“Existen
dos maneras de ser engañados. Una es creer lo que no es verdad, la otra es
negarse a aceptar lo que sí es verdad.”
Sören
Aabye Kierkegaard
La transición española fue un
proceso histórico que permitió el paso sin traumas de una dictadura a una
democracia. Sin embargo, en los últimos años, los partidos nacionalistas y la
izquierda radical, han cuestionado la legitimidad de este proceso, acusándolo
de ser una farsa o una traición. Estos intentos de deslegitimar el espíritu de
la transición se basan en argumentos falaces, sesgados, incompletos o
tergiversados, que ignoran el contexto político y social de la época, así como
los logros y avances que se consiguieron gracias al consenso y al diálogo entre
las diferentes fuerzas políticas.
La evidencia de que los argumentos
de quienes intentan deslegitimar aquel proceso histórico son una auténtica
falacia, es que gracias al mismo, quienes así se manifiestan, gozan de los
beneficios que les otorga la democracia para intentar invalidarla.
La prueba más reciente del grave
riesgo en que se encuentra la democracia española desde la asunción al poder de
José Luis Rodríguez Zapatero, son sus recientes declaraciones hechas a Carlos
Herrera —calificadas por el propio Herrera en el mismo transcurso de la
entrevista como una auténtica soflama— presentando como un hecho histórico y
gran logro de la democracia, la claudicación de su gobierno ante ETA, y el indulto
que el gobierno de Pedro Sánchez ha otorgado a los separatistas catalanes
condenados por el golpe de estado del 1 de octubre. Teniendo en cuenta que ni
ETA ha pedido perdón a las víctimas, y que los golpistas catalanes, al día de
hoy, siguen insistiendo en que lo volverán a repetir, las declaraciones del ex
presidente, son una muestra de su falta de rigor y de respeto a las víctimas, a
los españoles, y a la propia democracia.
Zapatero no puede atribuirse el
mérito de haber acabado con ETA, cuando ello fue el resultado de un largo
proceso de deslegitimación social y política de la violencia, así como de una
fuerte presión policial y judicial, tanto en España como en Francia, la que
debilitó a la banda terrorista hasta el punto de obligarla a renunciar a la
violencia.
A lo largo de los años, ETA sufrió
diversas escisiones internas y perdió el apoyo social y político de gran parte
de la sociedad vasca, que rechazaba la violencia como método para lograr sus
fines. Al mismo tiempo, las fuerzas de seguridad españolas y francesas
intensificaron la persecución de los miembros y colaboradores de ETA,
deteniendo a muchos de sus dirigentes y desarticulando sus estructuras. Además,
el Estado español aplicó medidas legislativas para ilegalizar a las formaciones
políticas vinculadas a ETA y para impedir que los presos etarras se
beneficiaran de la redención de penas. Todo ello provocó una profunda crisis en
ETA, que se vio obligada a declarar un alto el fuego permanente en 2006, aunque
lo rompió el 30 de diciembre del mismo año cometiendo un atentado en la
terminal T4 del aeropuerto Adolfo Suárez de Madrid, El ataque, que causó la muerte de dos ciudadanos ecuatorianos y rompió
el alto el fuego que la banda había declarado nueve meses antes con motivo de
la negociación iniciada por el ejecutivo de José Luis Rodríguez Zapatero, solo
cabría interpretarse como un modo de decirle al Gobierno: O cedes a nuestras
pretensiones, o volvemos a las armas.
Sería cinco años después, en 2011,
cuando ETA anunciaría el cese de la actividad armada, y su disolución completa
en 2018, durante el mandato de Mariano Rajoy.

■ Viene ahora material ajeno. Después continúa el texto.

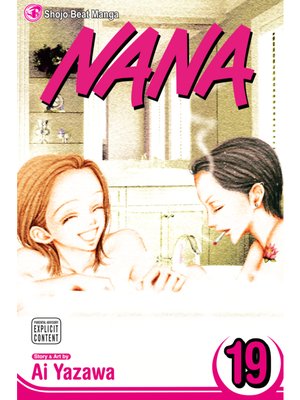 cover image of Nana, Volume 19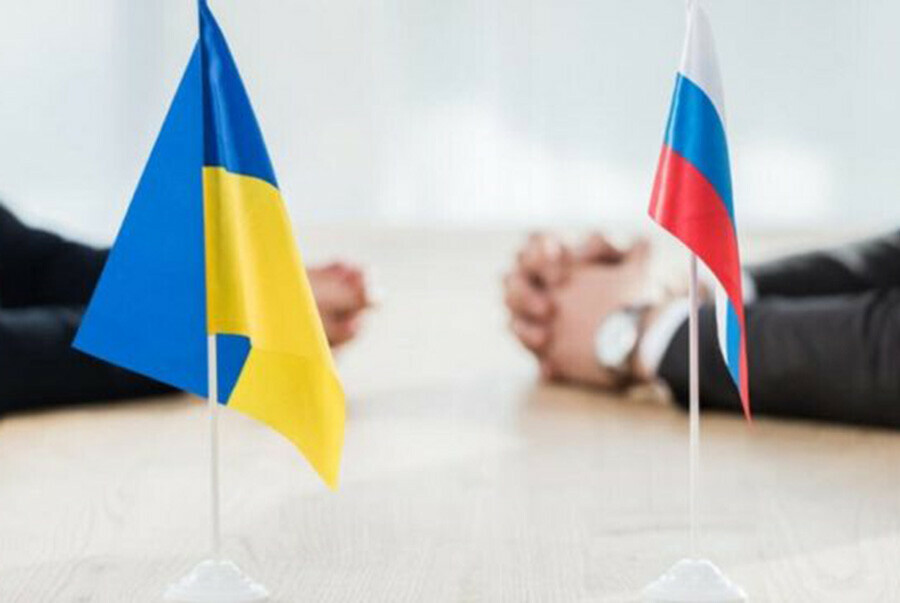 Назван день когда представители России и Украины сядут за стол переговоров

Según el último censo proporcionado
por el Ministerio del Interior, la banda terrorista ETA, cometió más de 3.500
atentados, asesinado a 853 personas —entre ellas 22 niños— y más de 6.300 heridos
en sus casi cinco décadas de existencia.
Ante este trágico balance, no se
puede concebir mayor traición a las víctimas, al pueblo español, y a la misma
esencia de la democracia, que decir que Arnaldo Otegui —condenado a prisión por
secuestro y por intentar reconstruir la ilegalizada Batasuna bajo órdenes de
ETA— que afirmar, repito, que Arnaldo Otegui es un hombre de paz.

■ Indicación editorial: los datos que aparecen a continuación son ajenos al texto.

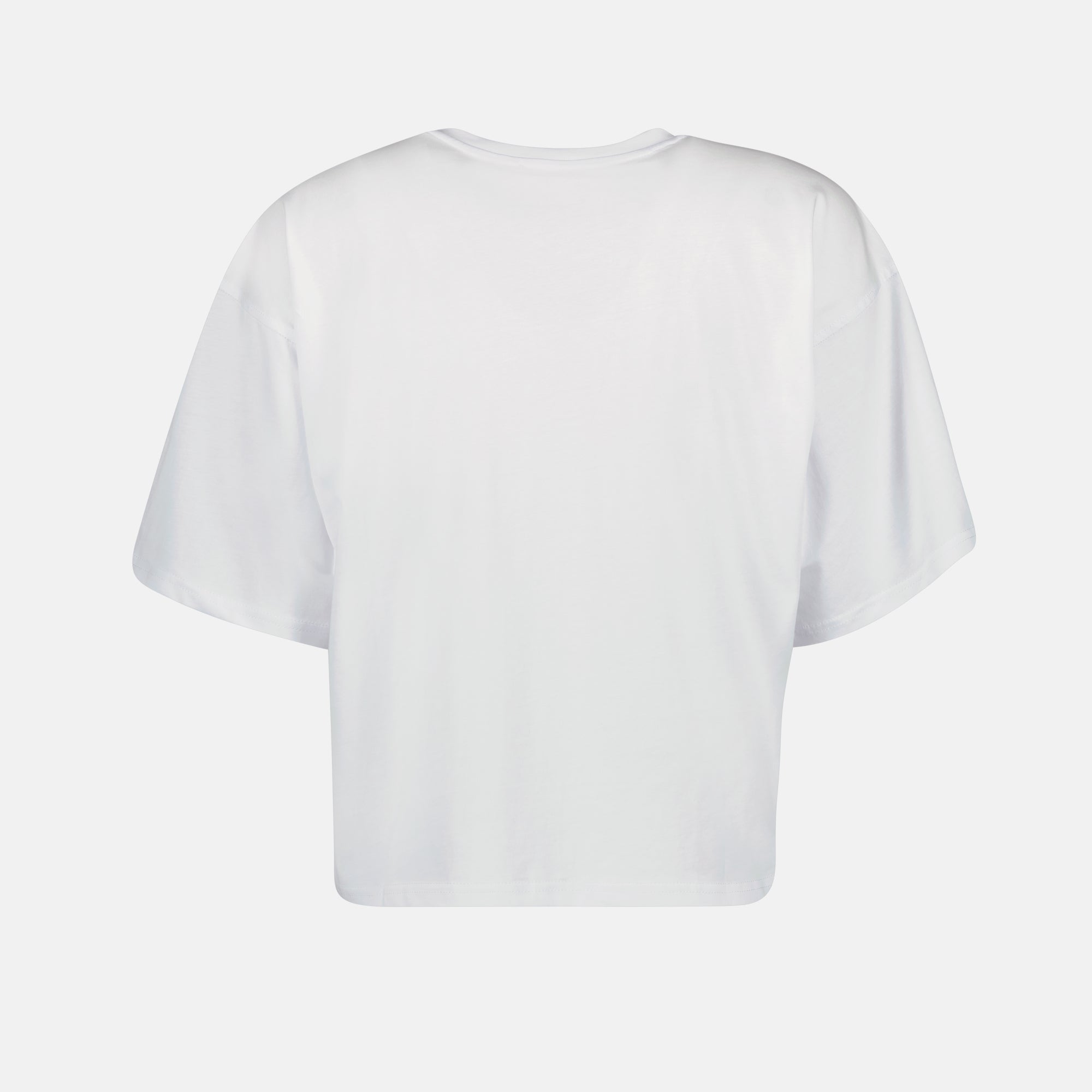 T-shirts T-shirt crop T-Buxt Diesel Blanc Femme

Y no queda ahí la cosa. En un
alarde de indignidad que raya con lo inhumano, en la desesperada y frenética
carrera del ejecutivo por justificar su pacto con Bildu, el delegado del
gobierno en la comunidad de Madrid, refiriéndose
a ERC y Bildu, ha dicho que: "los supuestos enemigos de
España, han contribuido a salvar miles de vidas de ciudadanos españoles".
Y esto, después de que EH Bildu haya incluido en sus listas de las recientes
elecciones municipales y autonómicas a 44 condenados de ETA, 7 de ellos con
delitos de sangre.
¿Cabe mayor infamia? ¿Cabe alguna
duda de quién dictó a Zapatero entonces, y a Sánchez ahora, la hoja de ruta del
gobierno? ¿Cabe alguna duda de que, aunque tengan en hibernación las pistolas y
hayan cambiado de nombre, ETA sigue estando viva y se mantiene firme en su
propósito de anexionarse Navarra, separarse de España, y finalmente hacer
realidad su gran ensueño que es fundar ese Estado que nunca existió y al que
ellos llaman Euskal Herria?
Una de las mayores amenazas para la
democracia y los derechos humanos es el fenómeno de la posverdad. Se trata del
hecho de que un gobierno, con el poder inherente que posee, se dedique a
fabricar una realidad inexistente, convirtiendo la noche en día, lo negro en
blanco, el delincuente en víctima y la mentira en verdad. Esta práctica consiste
en manipular la realidad para influir en las creencias y emociones de la gente,
sin importar los hechos objetivos y reales, socava la confianza en las
instituciones y en los medios de comunicación. Es un arma muy peligrosa que clandestinamente
va erosionando los valores fundamentales de una sociedad libre y pluralista y cuyo
principal exponente en España, son las leyes de memoria democrática.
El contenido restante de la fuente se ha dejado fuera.